## PROVIDED MATERIAL
* * *

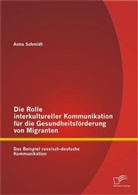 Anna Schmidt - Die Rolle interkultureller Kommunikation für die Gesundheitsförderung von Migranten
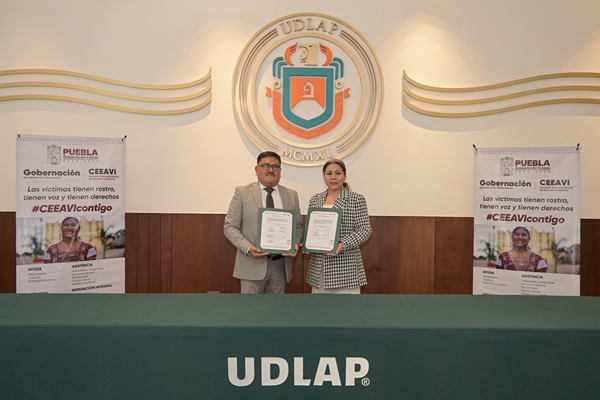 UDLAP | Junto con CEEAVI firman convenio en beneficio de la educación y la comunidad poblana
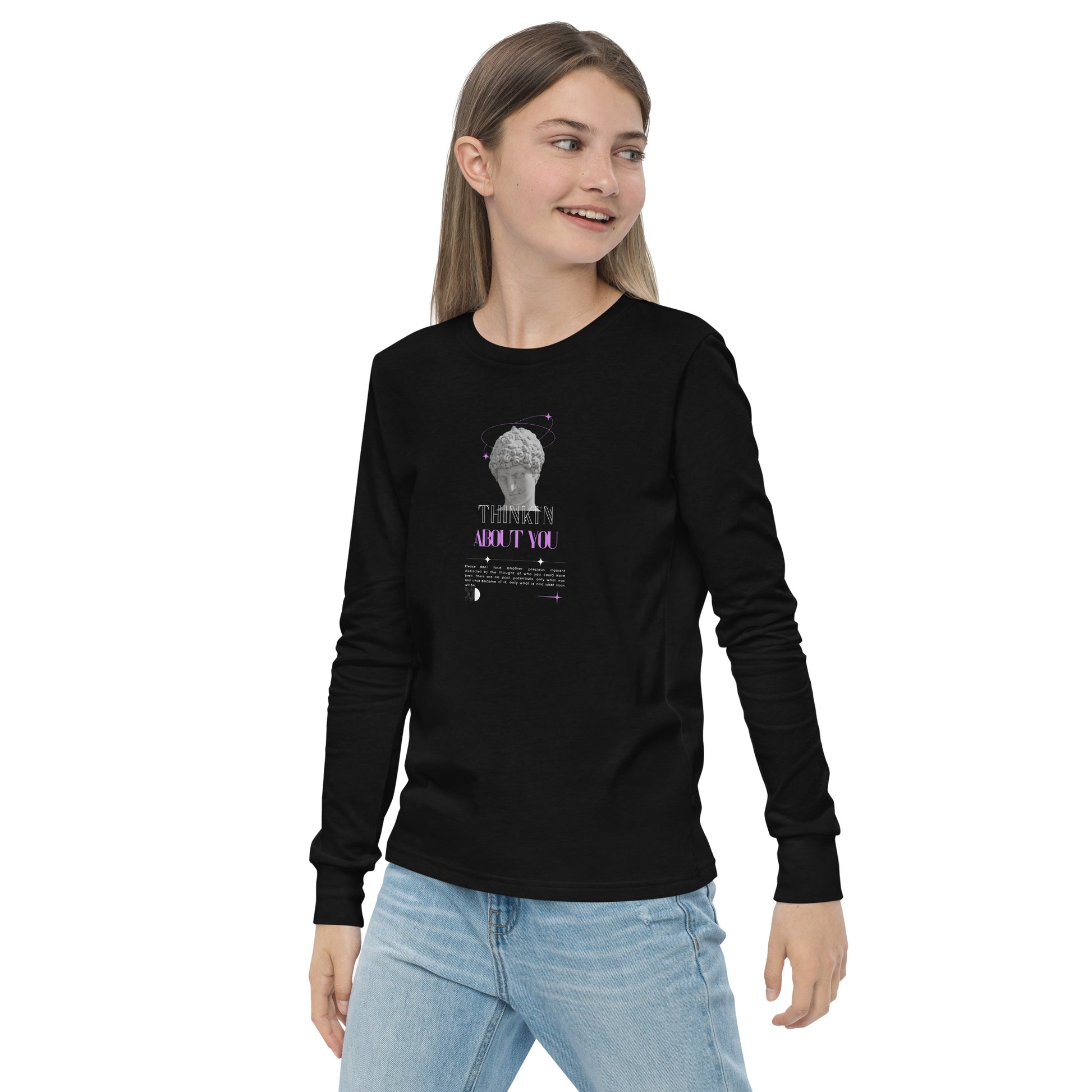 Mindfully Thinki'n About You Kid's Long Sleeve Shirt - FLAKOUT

* * *

## TASK INSTRUCTIONS
For this exercise, transcribe the data exactly but without its pictures.

## WRITTEN ANSWER
 Anna Schmidt - Die Rolle interkultureller Kommunikation für die Gesundheitsförderung von Migranten
 UDLAP | Junto con CEEAVI firman convenio en beneficio de la educación y la comunidad poblana
 Mindfully Thinki'n About You Kid's Long Sleeve Shirt - FLAKOUT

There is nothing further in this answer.